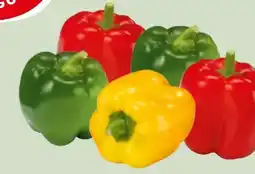 Edeka Xpress Gut & Günstig Paprika-Mix Angebot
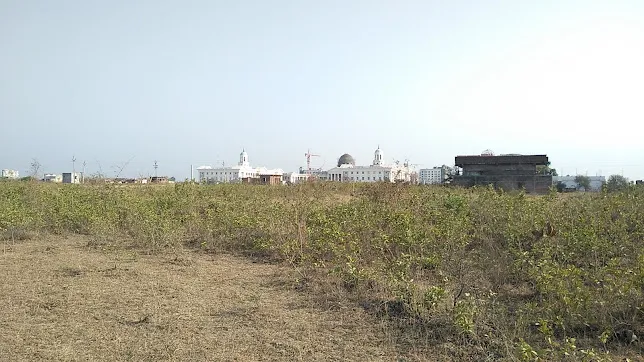 gallery 7
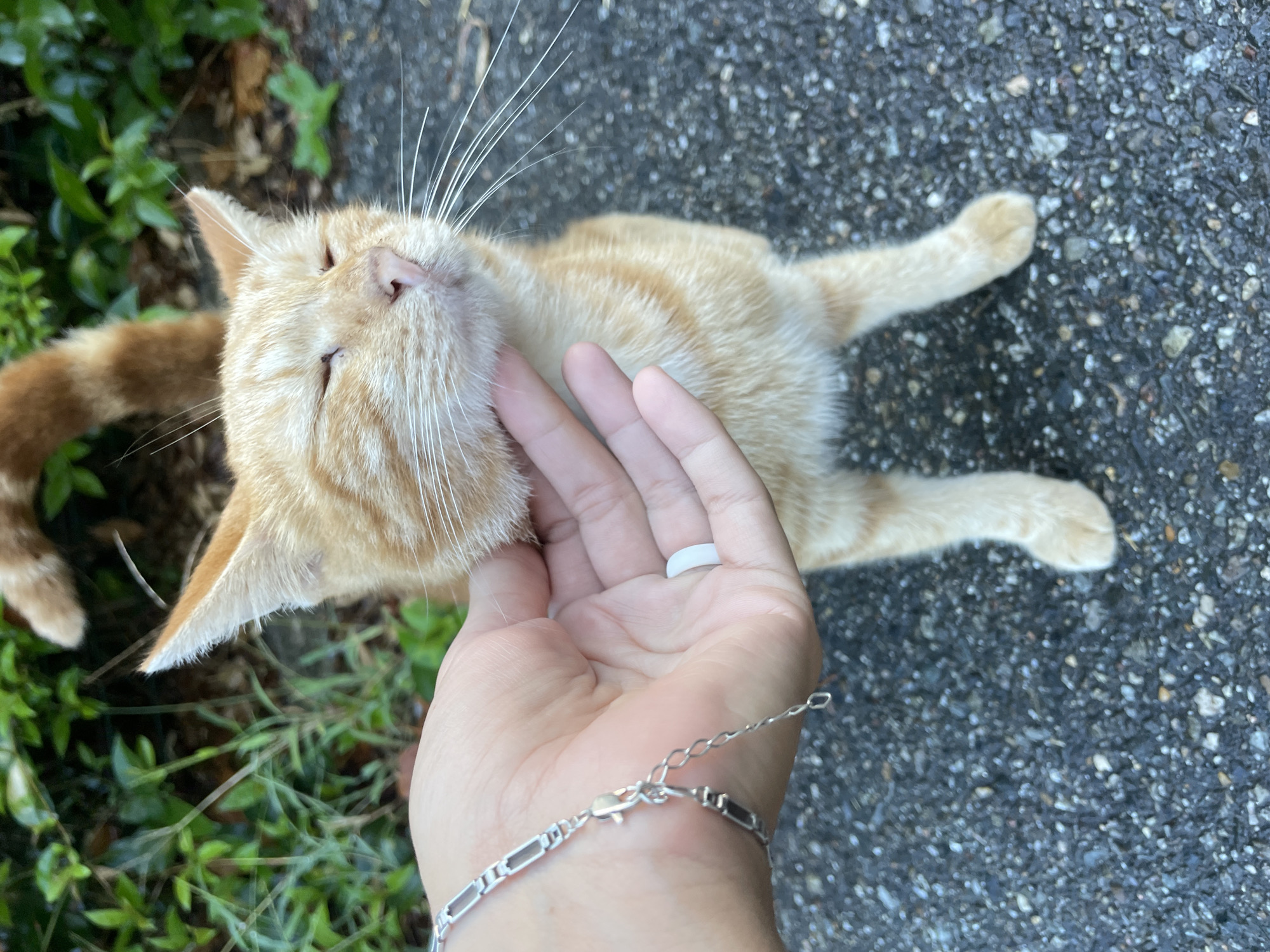 An orange tabby cat is being petted by a person's hand on its chin. The cat has its eyes closed and appears to be enjoying the attention. The scene takes place outdoors on a paved surface, with greenery in the background. The person's hand is wearing a silver bracelet and a white ring. The cat has white whiskers. The image does not contain information to determine the location in the city of Sochi, Russia.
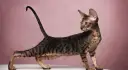 Devon Rex dla alergika: czy to najlepszy wybór dla Ciebie?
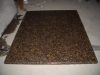 Baltic Brown Countertop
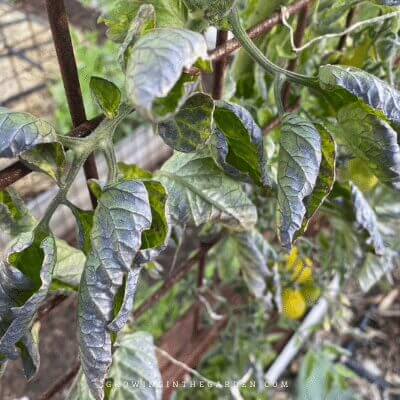 Plants may give you signs that nutrient levels are not ideal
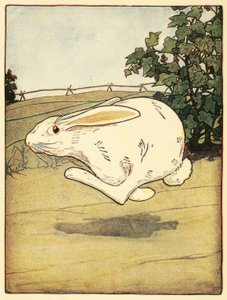Peter never stopped running, from The Tale of Peter Rabbit 作者 美国学校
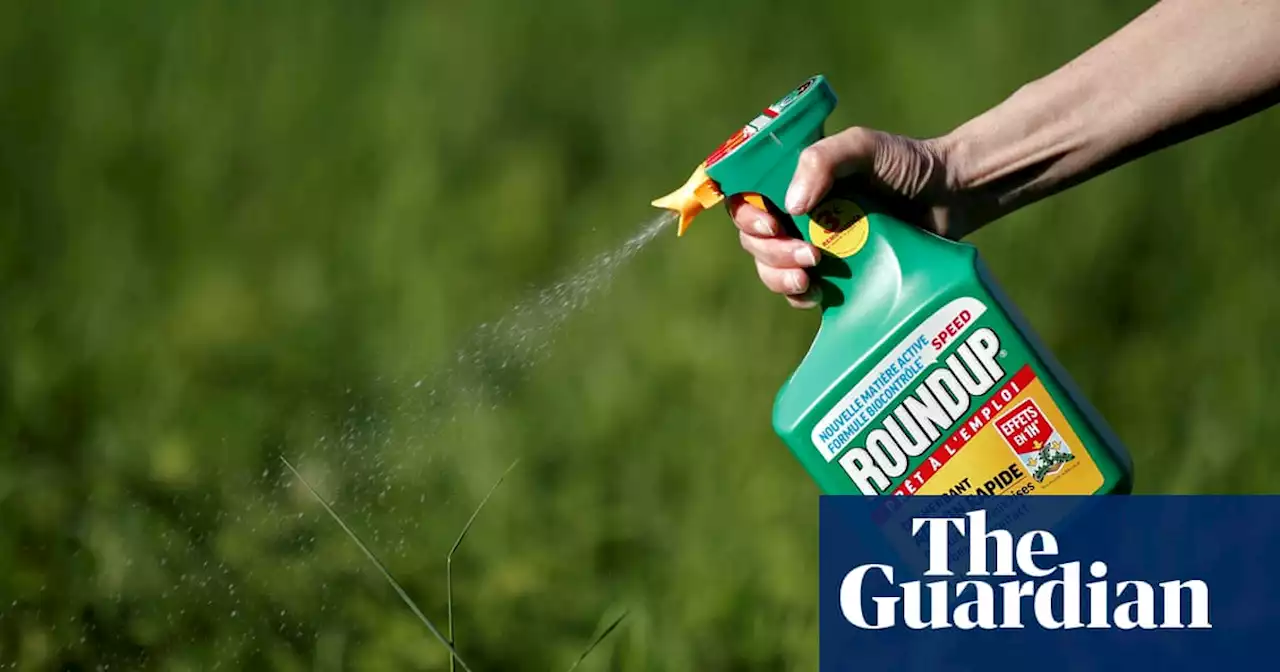 ‘Disturbing’: weedkiller ingredient tied to cancer found in 80% of US urine samples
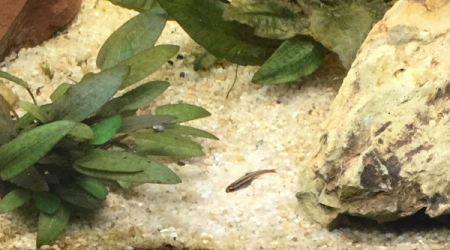 Introduction des néons roses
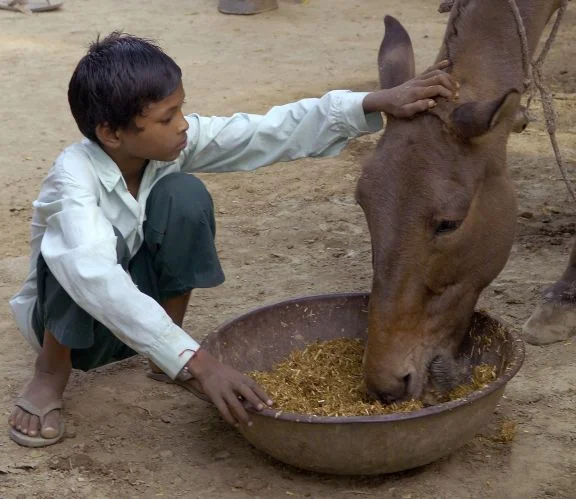 This is Arvind. He likes to play with his family's mule at the end of each work day, but it's also his responsibility to care for the mule. So Arvind has been applying the instruction that a Brooke veterinarian has given the family to keep their mule healthy.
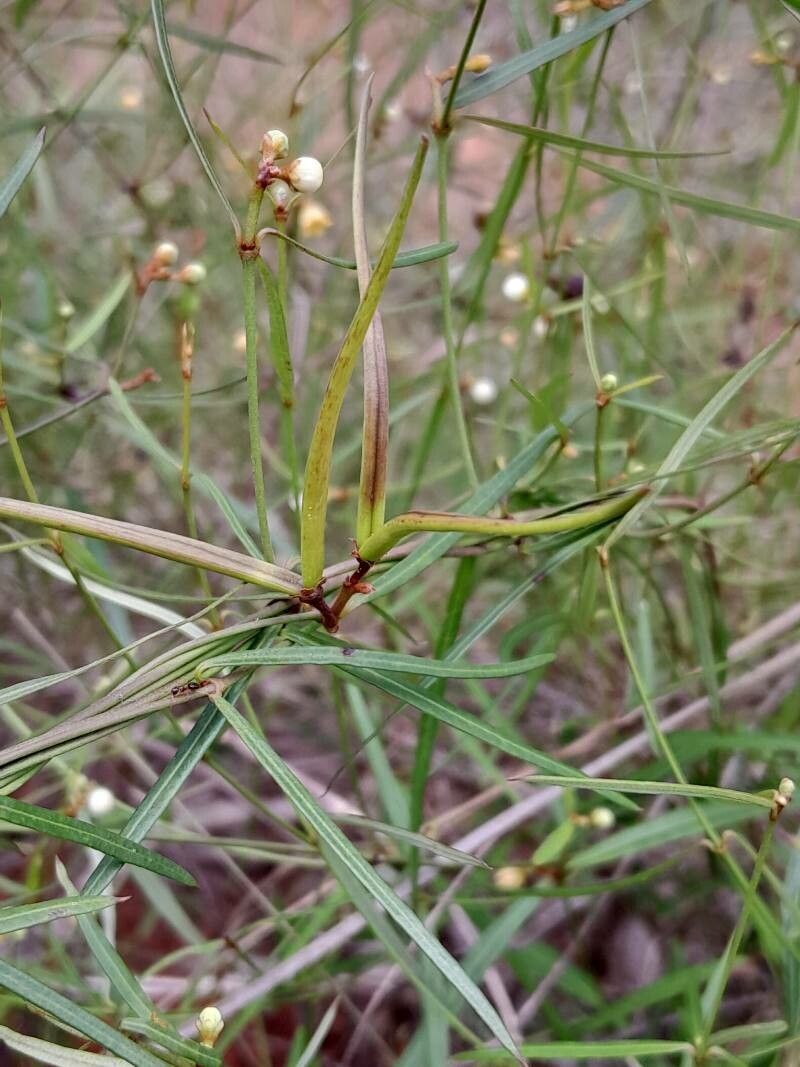 Secamone tenuifolia fruit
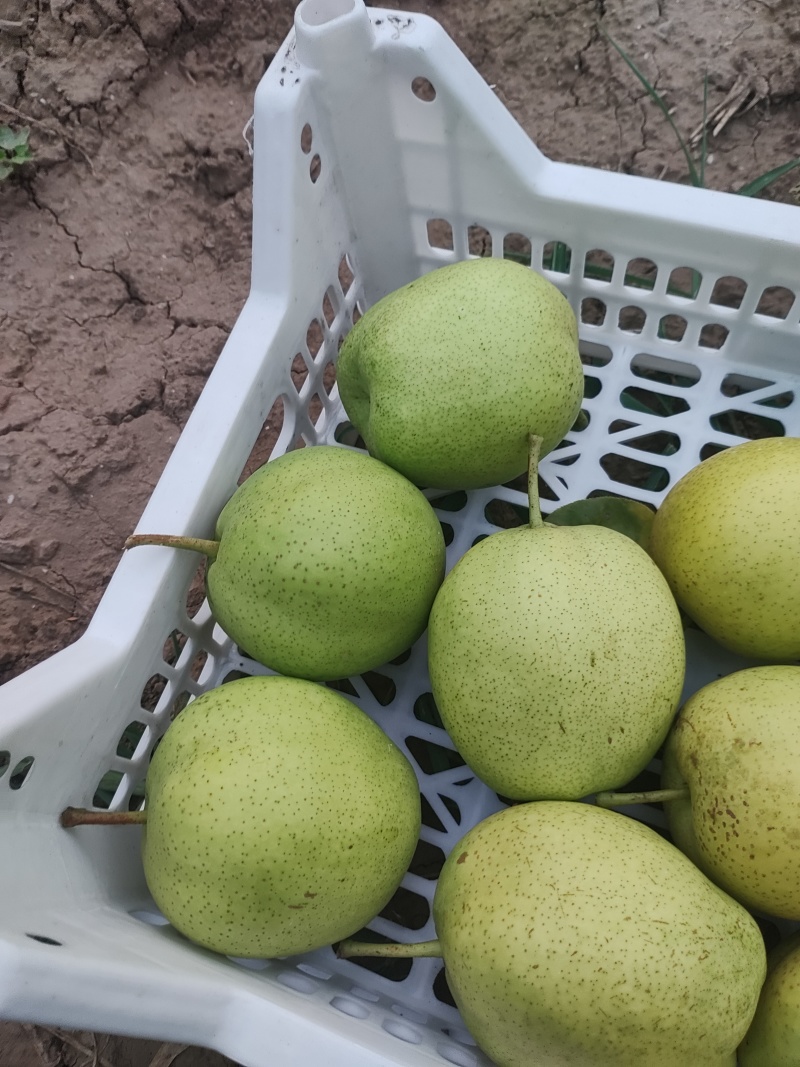 酥梨皇冠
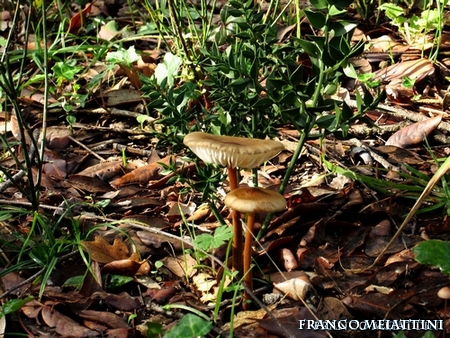 Riassunto met� Novembre  2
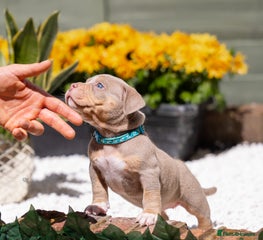American Bully Puppy 7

• **EXERCISE PROMPT**
Each line above is to be duplicated exactly, and the pictures are to be omitted.

• **COMPLETED TASK**
 Edeka Xpress Gut & Günstig Paprika-Mix Angebot
 gallery 7
 An orange tabby cat is being petted by a person's hand on its chin. The cat has its eyes closed and appears to be enjoying the attention. The scene takes place outdoors on a paved surface, with greenery in the background. The person's hand is wearing a silver bracelet and a white ring. The cat has white whiskers. The image does not contain information to determine the location in the city of Sochi, Russia.
 Devon Rex dla alergika: czy to najlepszy wybór dla Ciebie?
 Baltic Brown Countertop
 Plants may give you signs that nutrient levels are not ideal
Peter never stopped running, from The Tale of Peter Rabbit 作者 美国学校
 ‘Disturbing’: weedkiller ingredient tied to cancer found in 80% of US urine samples
 Introduction des néons roses
 This is Arvind. He likes to play with his family's mule at the end of each work day, but it's also his responsibility to care for the mule. So Arvind has been applying the instruction that a Brooke veterinarian has given the family to keep their mule healthy.
 Secamone tenuifolia fruit
 酥梨皇冠
 Riassunto met� Novembre  2
American Bully Puppy 7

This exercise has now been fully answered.